How to Replace a Light Switch in Australia (Spoiler: You Can’t)

I had a bloke ring me from Hahndorf last winter at quarter past nine on a Saturday night. His wife had flicked the kitchen light switch and got a tingle through her wedding ring. He’d done the sensible thing — flipped the breaker off and called me — but he was also asking, while I was driving over, whether he should “just open it up and have a quick look” to save my callout.

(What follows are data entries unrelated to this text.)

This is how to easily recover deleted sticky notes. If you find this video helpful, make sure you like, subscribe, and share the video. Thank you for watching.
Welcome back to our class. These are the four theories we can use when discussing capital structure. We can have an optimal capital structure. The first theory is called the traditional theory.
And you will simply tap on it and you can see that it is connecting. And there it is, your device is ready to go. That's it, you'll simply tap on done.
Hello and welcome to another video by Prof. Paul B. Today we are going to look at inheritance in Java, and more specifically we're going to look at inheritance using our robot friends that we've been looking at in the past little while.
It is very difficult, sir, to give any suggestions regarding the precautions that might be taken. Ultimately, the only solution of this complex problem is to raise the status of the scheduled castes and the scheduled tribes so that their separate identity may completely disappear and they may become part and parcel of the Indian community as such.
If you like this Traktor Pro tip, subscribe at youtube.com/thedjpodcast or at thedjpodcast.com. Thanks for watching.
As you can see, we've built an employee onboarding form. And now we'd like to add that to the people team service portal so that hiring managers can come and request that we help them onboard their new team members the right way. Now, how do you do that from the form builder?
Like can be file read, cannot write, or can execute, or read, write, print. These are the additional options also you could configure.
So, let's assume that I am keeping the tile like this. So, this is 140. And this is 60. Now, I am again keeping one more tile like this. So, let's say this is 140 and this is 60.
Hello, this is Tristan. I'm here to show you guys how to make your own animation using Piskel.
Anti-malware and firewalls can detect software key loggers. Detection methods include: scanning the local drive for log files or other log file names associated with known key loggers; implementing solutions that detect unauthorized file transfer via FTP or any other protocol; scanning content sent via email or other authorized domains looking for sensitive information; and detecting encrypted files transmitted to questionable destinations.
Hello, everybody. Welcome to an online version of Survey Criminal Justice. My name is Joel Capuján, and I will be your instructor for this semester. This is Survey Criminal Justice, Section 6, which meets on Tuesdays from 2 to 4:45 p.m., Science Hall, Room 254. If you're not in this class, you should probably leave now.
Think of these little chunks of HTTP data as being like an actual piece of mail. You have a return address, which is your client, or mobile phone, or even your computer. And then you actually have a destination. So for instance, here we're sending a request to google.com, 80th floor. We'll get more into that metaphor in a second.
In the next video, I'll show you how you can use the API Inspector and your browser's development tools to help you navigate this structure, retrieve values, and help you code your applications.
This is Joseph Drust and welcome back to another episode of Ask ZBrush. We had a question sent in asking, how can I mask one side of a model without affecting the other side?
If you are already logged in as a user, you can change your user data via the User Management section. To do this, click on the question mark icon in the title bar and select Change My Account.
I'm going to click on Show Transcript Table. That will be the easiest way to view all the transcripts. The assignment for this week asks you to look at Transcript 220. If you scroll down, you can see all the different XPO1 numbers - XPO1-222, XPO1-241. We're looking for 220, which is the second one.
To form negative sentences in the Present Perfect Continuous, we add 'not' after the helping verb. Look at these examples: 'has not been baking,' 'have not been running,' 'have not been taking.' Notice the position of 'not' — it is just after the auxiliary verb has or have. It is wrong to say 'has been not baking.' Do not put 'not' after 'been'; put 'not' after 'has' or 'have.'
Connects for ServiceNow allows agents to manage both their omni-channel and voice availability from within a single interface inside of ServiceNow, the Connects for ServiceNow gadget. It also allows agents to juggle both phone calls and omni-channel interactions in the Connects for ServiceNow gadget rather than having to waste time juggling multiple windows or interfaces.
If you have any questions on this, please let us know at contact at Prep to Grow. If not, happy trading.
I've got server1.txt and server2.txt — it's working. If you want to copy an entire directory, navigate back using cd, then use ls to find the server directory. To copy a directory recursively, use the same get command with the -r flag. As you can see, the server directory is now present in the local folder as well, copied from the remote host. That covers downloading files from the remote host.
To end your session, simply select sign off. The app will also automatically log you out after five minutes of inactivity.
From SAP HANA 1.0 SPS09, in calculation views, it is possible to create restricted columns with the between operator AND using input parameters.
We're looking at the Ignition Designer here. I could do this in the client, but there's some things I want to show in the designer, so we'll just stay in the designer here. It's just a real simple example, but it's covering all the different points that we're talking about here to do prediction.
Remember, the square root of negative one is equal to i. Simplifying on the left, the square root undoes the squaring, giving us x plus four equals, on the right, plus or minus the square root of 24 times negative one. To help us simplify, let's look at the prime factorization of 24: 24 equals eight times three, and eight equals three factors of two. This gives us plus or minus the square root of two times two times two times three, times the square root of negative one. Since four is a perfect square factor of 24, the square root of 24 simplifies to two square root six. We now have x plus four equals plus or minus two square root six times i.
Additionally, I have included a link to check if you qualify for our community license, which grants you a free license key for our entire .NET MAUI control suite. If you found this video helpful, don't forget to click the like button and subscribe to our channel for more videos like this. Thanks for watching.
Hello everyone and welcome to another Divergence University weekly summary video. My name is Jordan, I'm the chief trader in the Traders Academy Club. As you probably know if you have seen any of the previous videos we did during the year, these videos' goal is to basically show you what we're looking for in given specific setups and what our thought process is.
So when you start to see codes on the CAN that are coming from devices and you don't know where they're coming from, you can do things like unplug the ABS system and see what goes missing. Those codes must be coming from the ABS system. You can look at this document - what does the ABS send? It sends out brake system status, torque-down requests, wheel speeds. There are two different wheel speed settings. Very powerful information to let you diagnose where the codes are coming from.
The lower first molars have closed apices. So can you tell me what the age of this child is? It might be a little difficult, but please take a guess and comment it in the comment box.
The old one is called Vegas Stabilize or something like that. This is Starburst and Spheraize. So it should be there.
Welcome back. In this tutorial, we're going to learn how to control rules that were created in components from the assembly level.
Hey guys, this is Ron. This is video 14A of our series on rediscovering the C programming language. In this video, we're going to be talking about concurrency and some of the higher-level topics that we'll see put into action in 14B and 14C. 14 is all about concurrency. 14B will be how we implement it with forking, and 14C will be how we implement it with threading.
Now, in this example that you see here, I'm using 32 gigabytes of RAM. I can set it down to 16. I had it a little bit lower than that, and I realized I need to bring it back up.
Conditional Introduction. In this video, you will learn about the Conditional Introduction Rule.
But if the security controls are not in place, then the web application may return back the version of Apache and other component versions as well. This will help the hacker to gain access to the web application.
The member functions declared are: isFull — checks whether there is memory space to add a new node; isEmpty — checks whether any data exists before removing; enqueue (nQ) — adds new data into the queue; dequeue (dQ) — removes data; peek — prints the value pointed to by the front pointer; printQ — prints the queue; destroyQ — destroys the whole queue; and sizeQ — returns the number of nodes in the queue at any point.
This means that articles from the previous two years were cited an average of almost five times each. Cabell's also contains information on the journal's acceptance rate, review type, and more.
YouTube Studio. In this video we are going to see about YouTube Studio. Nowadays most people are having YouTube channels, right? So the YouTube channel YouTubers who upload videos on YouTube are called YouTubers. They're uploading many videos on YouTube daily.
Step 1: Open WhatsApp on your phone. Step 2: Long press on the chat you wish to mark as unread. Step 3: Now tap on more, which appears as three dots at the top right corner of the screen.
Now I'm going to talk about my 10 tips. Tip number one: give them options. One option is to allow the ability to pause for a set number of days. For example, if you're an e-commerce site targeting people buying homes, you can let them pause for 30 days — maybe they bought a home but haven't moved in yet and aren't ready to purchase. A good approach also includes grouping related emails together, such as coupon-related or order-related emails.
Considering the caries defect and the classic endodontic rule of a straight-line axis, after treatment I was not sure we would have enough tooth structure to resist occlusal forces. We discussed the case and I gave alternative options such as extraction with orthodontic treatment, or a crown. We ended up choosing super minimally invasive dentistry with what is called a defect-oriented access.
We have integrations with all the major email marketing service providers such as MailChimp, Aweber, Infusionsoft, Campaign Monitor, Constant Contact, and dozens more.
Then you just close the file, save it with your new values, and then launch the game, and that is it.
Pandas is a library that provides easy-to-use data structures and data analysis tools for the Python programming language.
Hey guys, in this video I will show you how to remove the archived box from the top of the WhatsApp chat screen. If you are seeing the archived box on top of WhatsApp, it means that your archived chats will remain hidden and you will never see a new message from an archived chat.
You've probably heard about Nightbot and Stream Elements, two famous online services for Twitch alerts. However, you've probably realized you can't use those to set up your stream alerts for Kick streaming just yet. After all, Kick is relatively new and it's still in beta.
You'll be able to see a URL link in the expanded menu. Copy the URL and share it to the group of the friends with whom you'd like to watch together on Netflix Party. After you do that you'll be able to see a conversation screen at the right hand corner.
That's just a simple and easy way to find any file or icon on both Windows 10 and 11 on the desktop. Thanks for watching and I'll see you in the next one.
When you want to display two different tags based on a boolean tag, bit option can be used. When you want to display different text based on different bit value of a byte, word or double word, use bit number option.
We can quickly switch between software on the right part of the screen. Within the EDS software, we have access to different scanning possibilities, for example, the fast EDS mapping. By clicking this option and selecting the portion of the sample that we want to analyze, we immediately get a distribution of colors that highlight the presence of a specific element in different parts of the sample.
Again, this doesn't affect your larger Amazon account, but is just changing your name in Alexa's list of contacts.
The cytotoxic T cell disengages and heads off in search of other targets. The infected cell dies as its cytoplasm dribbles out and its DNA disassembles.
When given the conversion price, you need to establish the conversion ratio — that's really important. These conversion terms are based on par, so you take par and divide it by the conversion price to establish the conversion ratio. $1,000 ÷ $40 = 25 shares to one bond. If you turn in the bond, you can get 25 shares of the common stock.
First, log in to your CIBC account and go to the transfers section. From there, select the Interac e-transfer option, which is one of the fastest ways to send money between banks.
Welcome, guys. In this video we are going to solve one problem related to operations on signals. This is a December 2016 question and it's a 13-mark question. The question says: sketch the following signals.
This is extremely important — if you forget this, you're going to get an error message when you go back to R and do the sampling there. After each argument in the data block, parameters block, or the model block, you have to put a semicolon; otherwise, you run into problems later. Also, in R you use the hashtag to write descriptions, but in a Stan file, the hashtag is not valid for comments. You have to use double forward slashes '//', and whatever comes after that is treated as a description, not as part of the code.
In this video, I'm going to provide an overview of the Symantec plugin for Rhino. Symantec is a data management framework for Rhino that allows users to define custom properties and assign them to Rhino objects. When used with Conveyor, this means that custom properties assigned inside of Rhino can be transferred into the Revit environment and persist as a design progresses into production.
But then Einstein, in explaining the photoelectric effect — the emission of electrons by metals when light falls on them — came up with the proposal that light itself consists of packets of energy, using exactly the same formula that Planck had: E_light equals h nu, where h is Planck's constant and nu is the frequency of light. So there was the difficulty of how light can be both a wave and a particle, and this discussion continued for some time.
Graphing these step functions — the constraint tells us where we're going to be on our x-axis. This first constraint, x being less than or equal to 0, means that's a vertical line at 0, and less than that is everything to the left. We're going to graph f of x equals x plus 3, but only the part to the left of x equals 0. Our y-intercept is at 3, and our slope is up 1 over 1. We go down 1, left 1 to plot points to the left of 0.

I told him to put the kettle on and not touch a thing. When I pulled the plate off, the active terminal was barely seated; whoever installed it ten years earlier had back-stabbed it on a Sunday arvo and left it hanging on by two strands of copper. The arc had been carbonising the inside of the wall cavity for who knows how long. Another month and that switch would have lit the kitchen on fire while they slept. So here’s the deal: replacing a light switch is illegal DIY in every Australian state. I’ll walk you through everything you ARE allowed to do — and you can hand the sparky a ten-minute job instead of an hour-long one.

What you’ll need

  • A non-contact voltage tester (Fluke 1AC-A1-II or Klein NCVT-3, $40–$70 at Bunnings or a wholesaler)
  • A torch — you’ll need it once the breaker’s off
  • A phone with a charged camera
  • The make/model of the switch you want fitted (Clipsal Iconic, HPM Excel, Legrand Excel Life — pick before the sparky arrives)
  • The number of a licensed electrician with a current contractor’s licence (check the state register)
  • A roll of electrical tape and a Sharpie

Step 1: Confirm the switch is actually faulty

How to Replace a Light Switch in Australia (Spoiler: You Can’t)
1 Diagnose 2 Test 3 Fix
Legal homeowner DIY stops at the wall plate — everything inside is licensed work.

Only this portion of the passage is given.